SpaceX is pursuing a valuation of roughly $1.8 trillion in its initial public offering, a number that would turn years of quiet, private bets into some of the largest paper gains in venture capital history. For nearly two decades, investors built up stakes in the rocket company while it remained off-limits to public markets. Now those positions are about to be tested in full view.
According to a report by CNBC, among the biggest beneficiaries are Ron Baron's Baron Capital, Cathie Wood's Ark Invest, and mutual fund giant Fidelity Investments. Venture firms including Founders Fund, Sequoia Capital, and Andreessen Horowitz are also positioned to gain, along with hedge funds D1 Capital Partners and Coatue Management. Select pension funds and endowments are expected to share in the windfall as well.
Baron first invested in SpaceX in 2017 through employee tender offers, when the company was valued at less than $22 billion. He has since participated in 27 funding rounds. By the end of March, SpaceX accounted for 33% of assets in the $10.4 billion Baron Partners Fund and 25.5% of the Baron Asset Fund. His firm has invested about $2 billion in the company over the years, a stake that has grown to roughly $12 billion. "We think that SpaceX will become the largest, most profitable company on the planet," Baron said during an investor webcast this week.

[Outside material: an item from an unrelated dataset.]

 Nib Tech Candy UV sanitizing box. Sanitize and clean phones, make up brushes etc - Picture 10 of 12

Fidelity Investments got into SpaceX through former portfolio manager Gavin Baker, who began buying shares in 2015 when the company was valued at just about $10 billion. As of March 31, SpaceX accounted for 4.7% of the $177 billion Fidelity Contrafund, one of the largest actively managed mutual funds in the world.

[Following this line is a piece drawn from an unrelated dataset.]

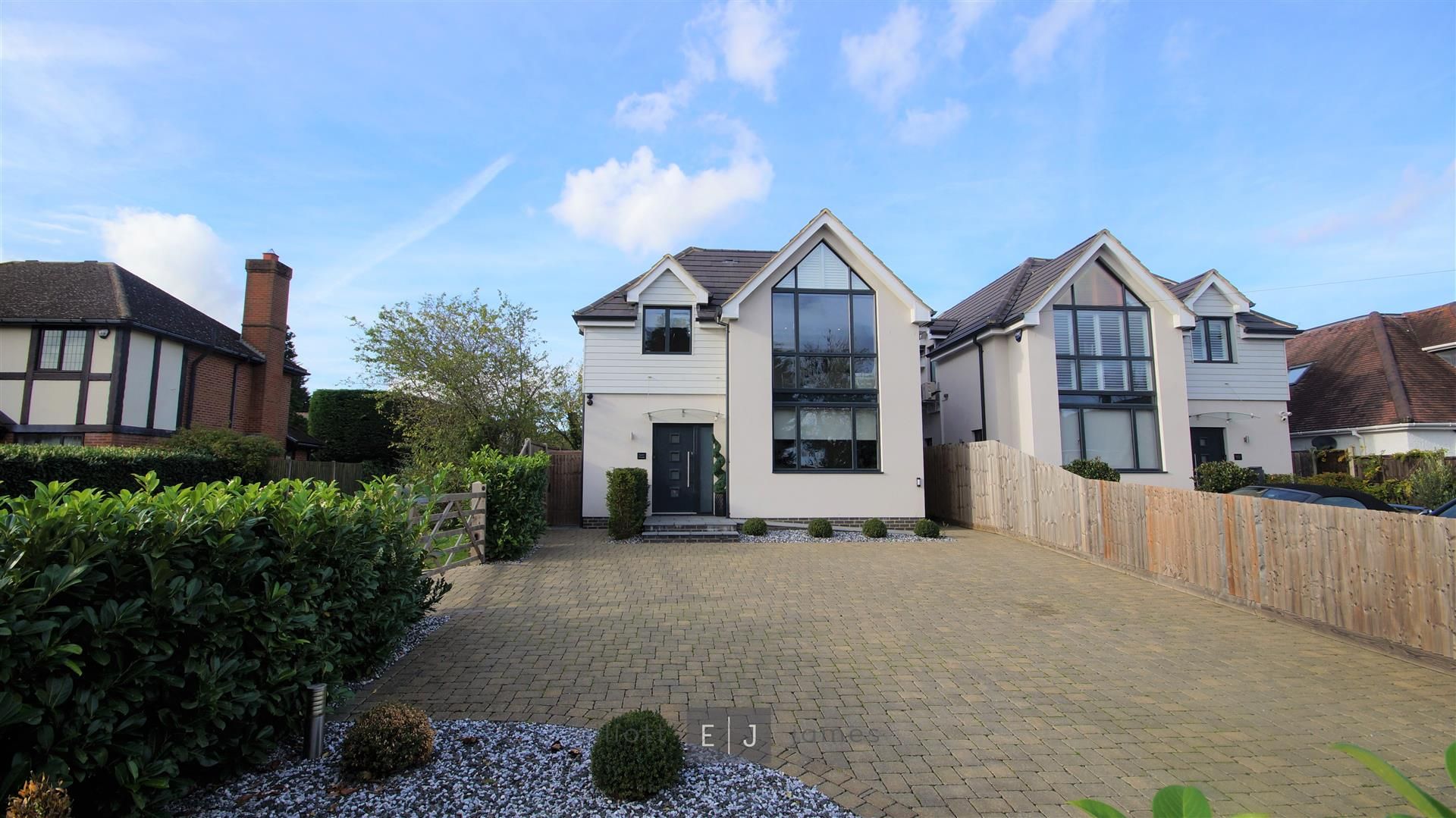 4 bed detached house for sale in Loughton Lane, Theydon Bois, Epping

Ark Invest's position tells a similar story. The rocket maker accounted for 11.4% of Ark's Venture Fund net assets as of March 31, making it the largest holding in that portfolio. Wood views the company as something well beyond a launch provider. "Through Starship, Starlink and the acquisition of xAI, we believe SpaceX is building vertically integrated AI infrastructure for a much larger space economy," she told CNBC.

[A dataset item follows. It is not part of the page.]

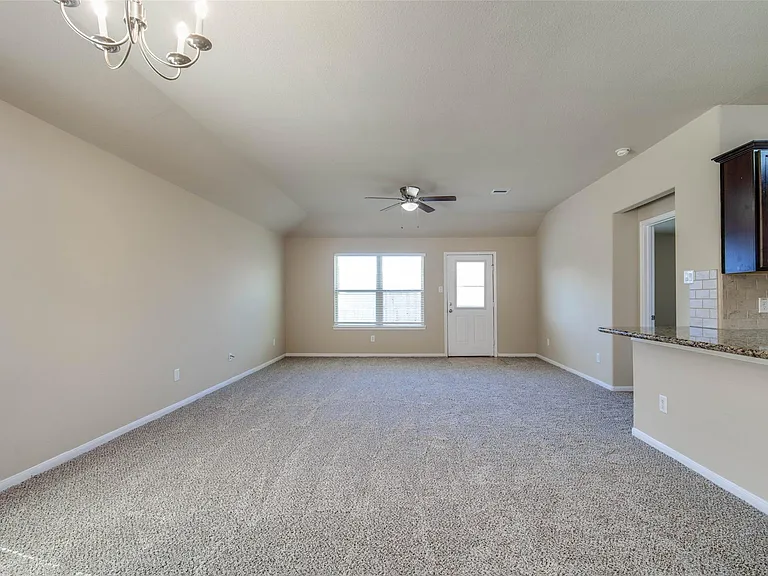 9210 Rustling Manor Ln — Photo 20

Wood connects SpaceX to Ark's broader investment thesis around technological convergence, placing the company at the intersection of artificial intelligence, robotics, and energy storage. She points to the Falcon 9 launch business, the Starlink satellite network, and the next-generation Starship rocket system as separate drivers of long-term growth, each capable of opening new commercial opportunities.
"For long-term shareholders, an IPO would provide broader access to a company that we believe remains early in its value creation," Wood said.
The scale of the potential gains reflects how unusual SpaceX's trajectory has been. Most companies of this size are already publicly traded long before reaching a $1.8 trillion valuation. SpaceX stayed private through years of development, repeated launch milestones, and the global buildout of its Starlink broadband network, allowing early investors to accumulate positions without the pressure of quarterly public market scrutiny. Whether the IPO proceeds at that valuation, and on what timeline, has not been formally announced.